We need potential impact players. Although i like them, idk if Adelmen will want to gamble on guys like Waiters, Harkless, Q. Miller, Ross, etc.


----------



## Bogg (May 4, 2009)

I like Iguodala, and I think playing with Rubio would be ideal for him, but I don't know about an up-and-coming team like Minnesota trading for a vet with an oversized contract this early into things. With Shumpert establishing himself as the starter in New York, I'd do something more along the lines of looking at acquiring Landry Fields in free agency first.


----------



## Blue (Jun 21, 2007)

While i would agree that KMart wouldn't be an ideal target, Iggy would def be a guy worth getting imo if we are looking to win right away next year. Iggy is a guy on the wing who can play D against anyone, and can run the offense in a jam if Rubio is still out or struggling to start the year. He is a team guy w playoff experience, who enacts winning. 

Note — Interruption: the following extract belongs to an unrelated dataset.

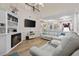 Living room with built-in shelving and hardwood floors at 1023 Marthas Way, North Myrtle Beach, SC 29582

I dont think we need to do anything rash, but assuming Adelmen/Love is looking get some vets and/spend money Iggy is probly the best fit on the market(assuming he's avail, of course). But yeah if Iggy's not there or too expensive, Feilds is a decent look. Definitely a very important summer for Minny in terms of making decisions on players, and establishing their long term cap position and things of that nature. We'll see how Kahn & Co handle it. This team is real close to being good so I hope we figure it out.


----------



## Blue (Jun 21, 2007)

Here's what some of the more popular mocks have to say:

http://www.mynbadraft.com/2012-NBA-Mock-Draft - MIN: Terrence Ross - 6'7 197 SG/SF
http://bleacherreport.com/articles/...round-mock-with-ideal-prospects-for-each-team - MIN: Doron Lamb - 6'4 170 SG
http://nbadraft.net/2012mock_draft - MIN: Moe Harkless - 6'8 208 SF
http://walterfootball.com/nbadraft2012mock_1.php – MIN: Q. Miller - 6'9 200 SG/SF
http://www.draftexpress.com/nba-mock-draft/2012/ – MIN: Q. Miller - 6'9 200 SG/SF
http://www.nba.com/2012/news/features/scott_howard_cooper/04/04/mock-draft-2/index.html - Tyler Zeller - 6'11 240 PF/C


----------



## hroz (Mar 4, 2006)

You guys need a wing. 

And need to sign another back up centre. 

I would try package Williams though off for an established wing like Iguodala.


----------



## DaBabyBullz (May 26, 2006)

Meyers Leonard would've been nice, but I love the trade for Budinger. 40+% 3pt shooter and can rebound and get to the rim in transition. Perfect fit with Rubio and Love. A shot blocker like Leonard would've been nice though too.


----------